Why it matters to patients and physicians: A Texas-led coalition of 20 states argued that, because Congress reduced the individual tax penalty down to $0, the entire ACA should be eliminated also.

"What do you say to people who say it's absurd to say that the mandate isn't severable from, say, the calorie provisions?" she questioned at one point. With the help and peace of mind that the Affordable Care Act (ACA) provides for people with preexisting conditions, Mari has been able to live a normal life and her parents, Gabe and Leslie, have not had to worry about their daughter's health care coverage.

Texas and the other Republican-led states that have sued to invalidate the law argue that when Congress in 2017 scrapped a penalty against people who didn't have health insurance, lawmakers removed a pillar of the law that was critical to getting young, healthy people to sign up for coverage and keeping premiums affordable.

The U.S. appeals court judges tasked with deciding the fate of the hot potato known as Obamacare had some choice words Tuesday for Congress and the Trump administration.

The Supreme Court's conservative majority found Congress could not constitutionally order people to buy insurance.

SHAPIRO: They couldn't get the votes needed to repeal the law.

"The Affordable Care Act has what amounts to an inseverability clause because the penalty is essential to drive people to buy insurance."

The government said in March that a total of 11.4 million people signed up during open enrollment season, a dip of about 300,000 from a year ago.
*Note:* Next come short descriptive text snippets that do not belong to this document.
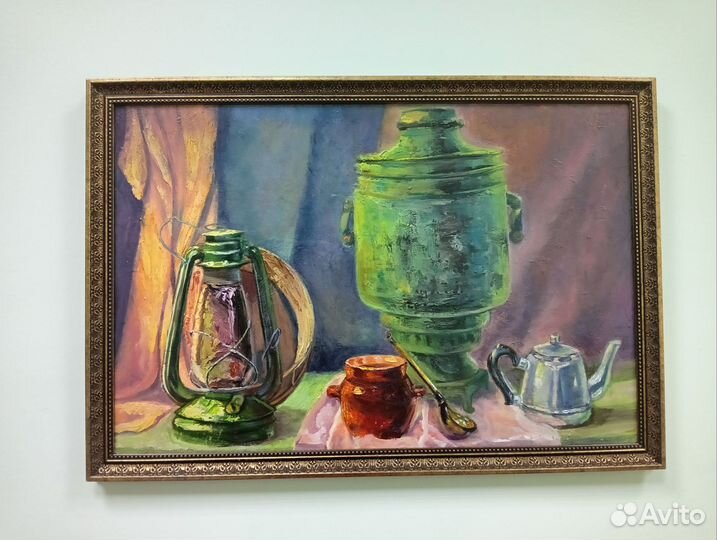 Картина маслом на холсте натюрморт с самоваром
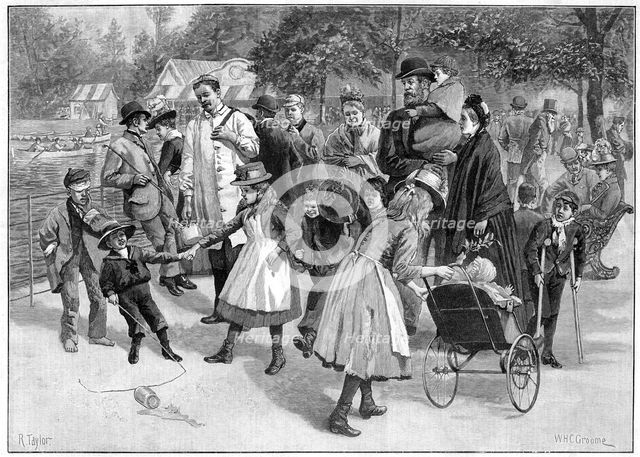 Saturday afternoon in Victoria Park, London, 1890.Artist: R Taylor
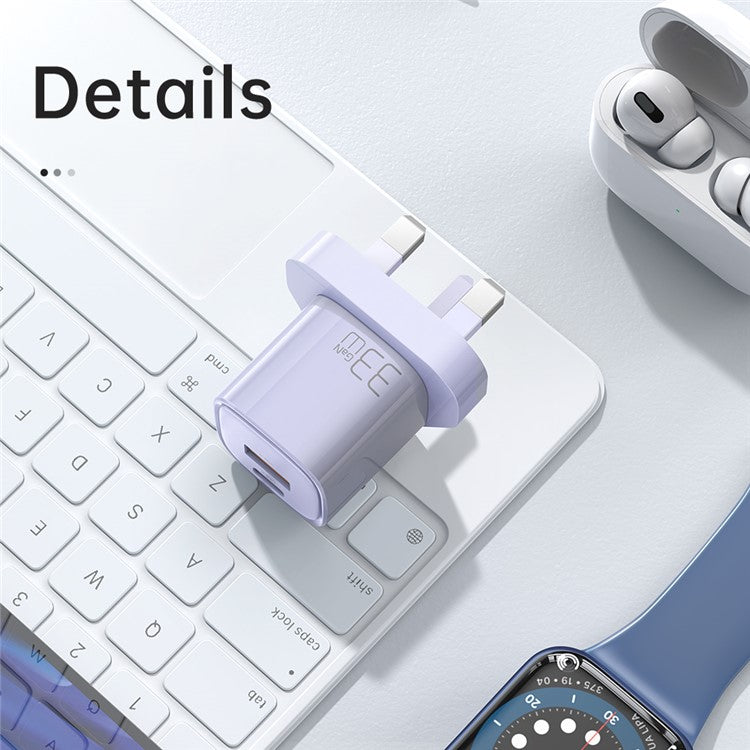 MCDODO MDD Nano Series PD 33W USB-A + Type-C Fast Charging Adapter Dual Port Wall Charger - UK Plug / Purple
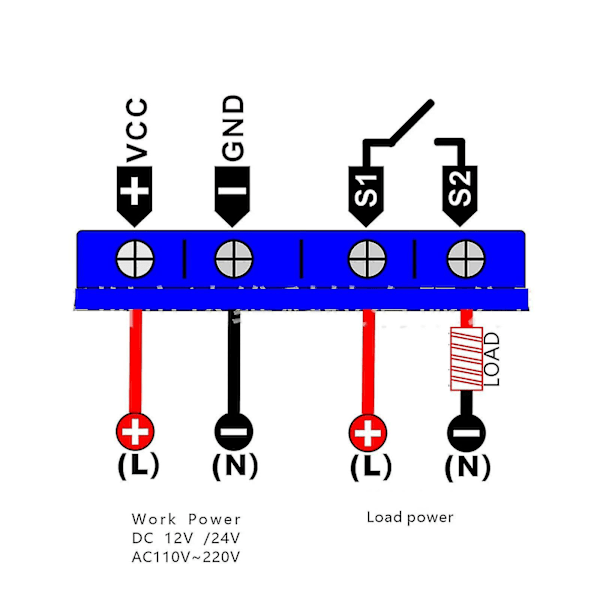 12v/24v/220v LED Digital Timer Forsinkelsesrelæ Justerbar Timer Kontrol Afbryder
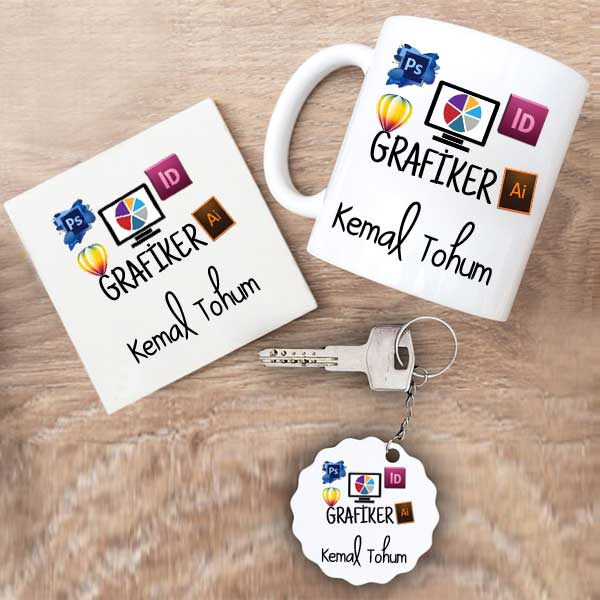 Grafiker Kupa Bardak Altlık Ve Anahtarlık Hediye Seti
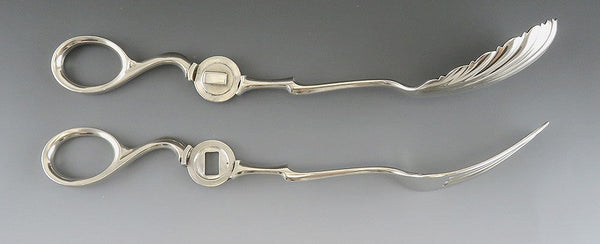 Rare Antique c1830 American Coin 900 Silver Convertible Tongs & Pair Servers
Judge Carolyn King, who was appointed by former President Jimmy Carter, a Democrat, did not ask any questions during the hour-and-a-half hearing.

"That would mean they were misleading the American public and their constituents when they said those things", he said. Elrod was nominated by Republican President George W. Bush in 2007.

U.S. Senate Minority Leader Chuck Schumer (D-NY), holding a picture of head-injury victim Emilie Saltzman, and House Speaker Nancy Pelosi (D-CA) lead fellow congressional Democrats for remarks on health care coverage of pre-existing conditions, on the steps of the U.S. Capitol in Washington, U.S. July 9, 2019.

The positions of Republican appointees Elrod and Engelhardt, while no doubt arising from valid constitutional concerns, reinforced the partisan cast of the case that has pitted red states against blue states, the Republican Trump administration against the Democratic House.

"If they are successful in striking down the Affordable Care Act, Republicans will own all of the consequences", Senate Democratic Leader Chuck Schumer of NY said on a call Monday with reporters.

Samuel Siegel, the lawyer representing California, responded that it isn't the appeals court's job "to do what Congress repeatedly refused to do, which is to repeal the Affordable Care Act".

"It's complicated", he said, noting that the case should go through all the appeals first.